--- START ---

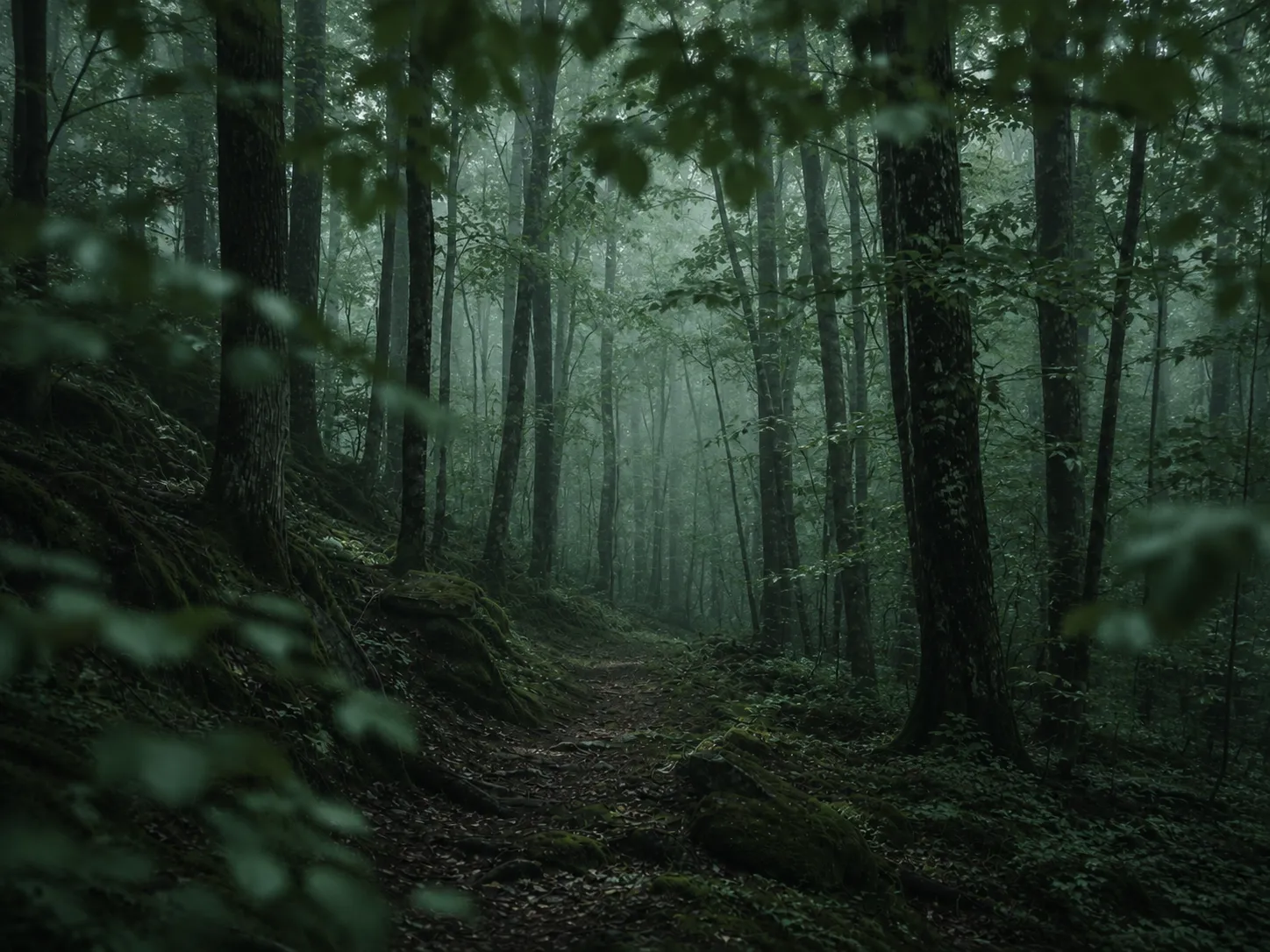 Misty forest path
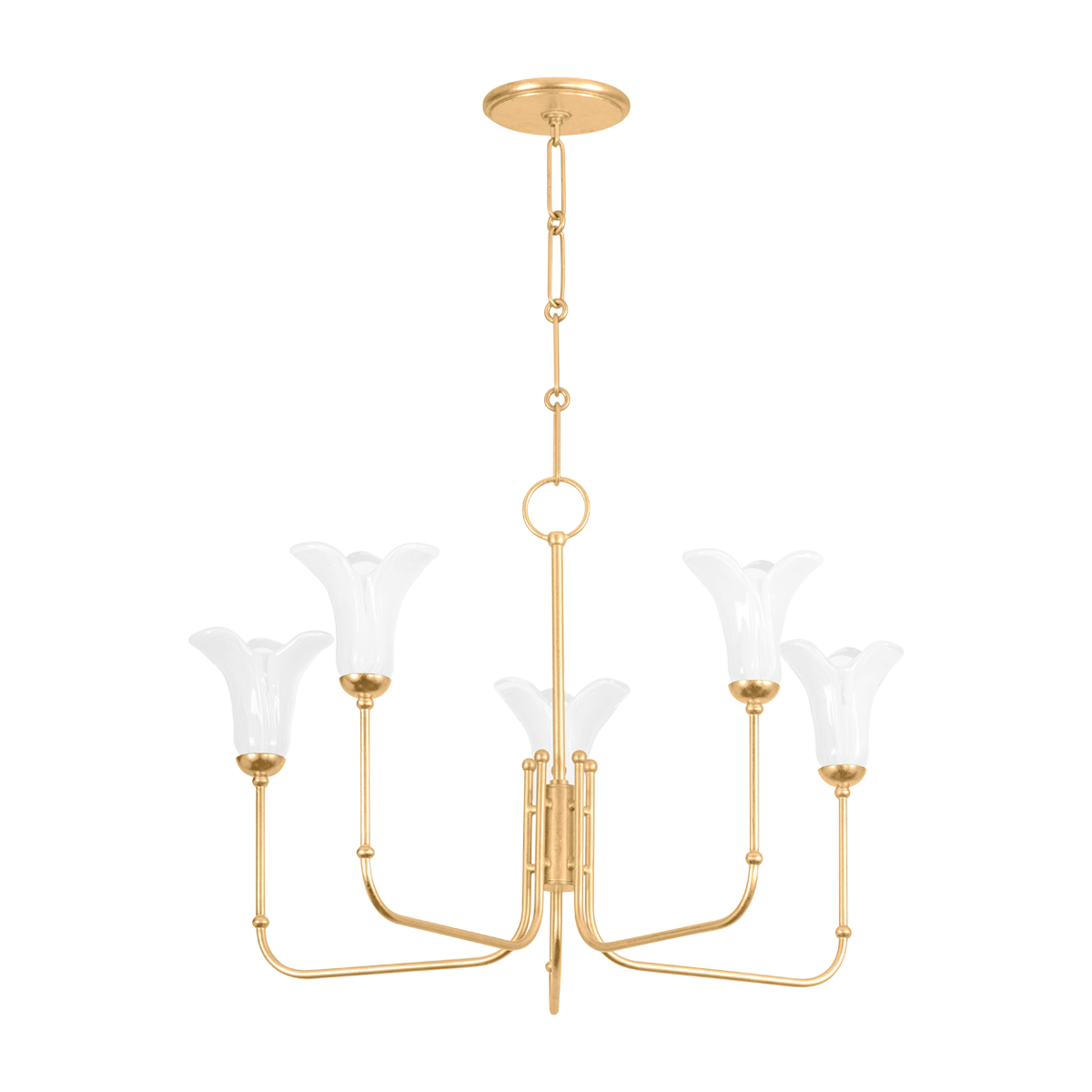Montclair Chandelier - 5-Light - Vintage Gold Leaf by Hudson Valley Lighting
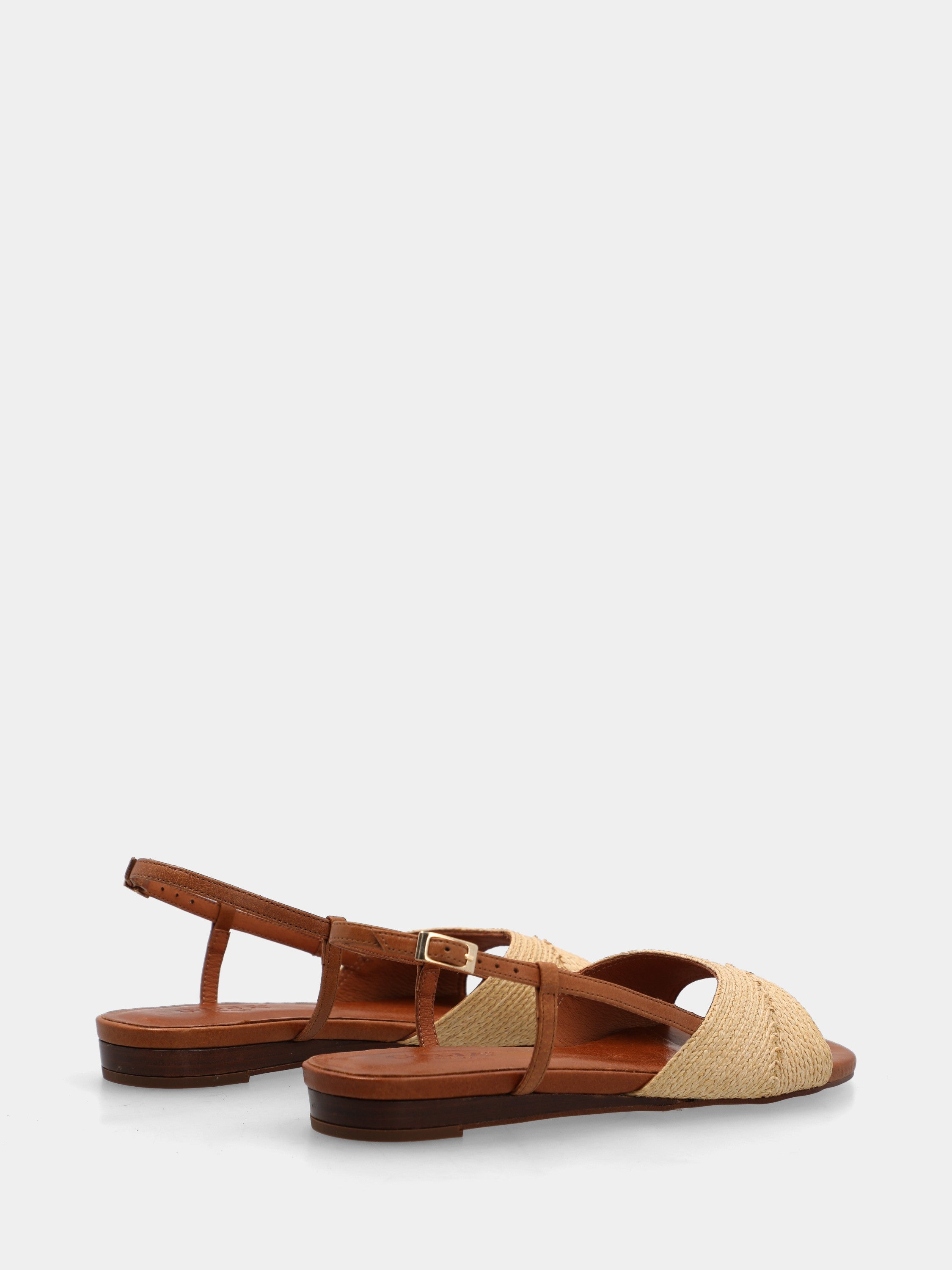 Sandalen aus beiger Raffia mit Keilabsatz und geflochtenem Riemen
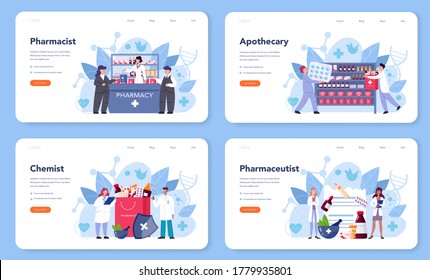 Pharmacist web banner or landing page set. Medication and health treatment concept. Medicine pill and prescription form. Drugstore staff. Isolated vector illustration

--- END ---

• [What to do] Transcribe the data verbatim. No picture belongs in the result.

• [Answer for this exercise]
 Misty forest path
Montclair Chandelier - 5-Light - Vintage Gold Leaf by Hudson Valley Lighting
 Sandalen aus beiger Raffia mit Keilabsatz und geflochtenem Riemen
 Pharmacist web banner or landing page set. Medication and health treatment concept. Medicine pill and prescription form. Drugstore staff. Isolated vector illustration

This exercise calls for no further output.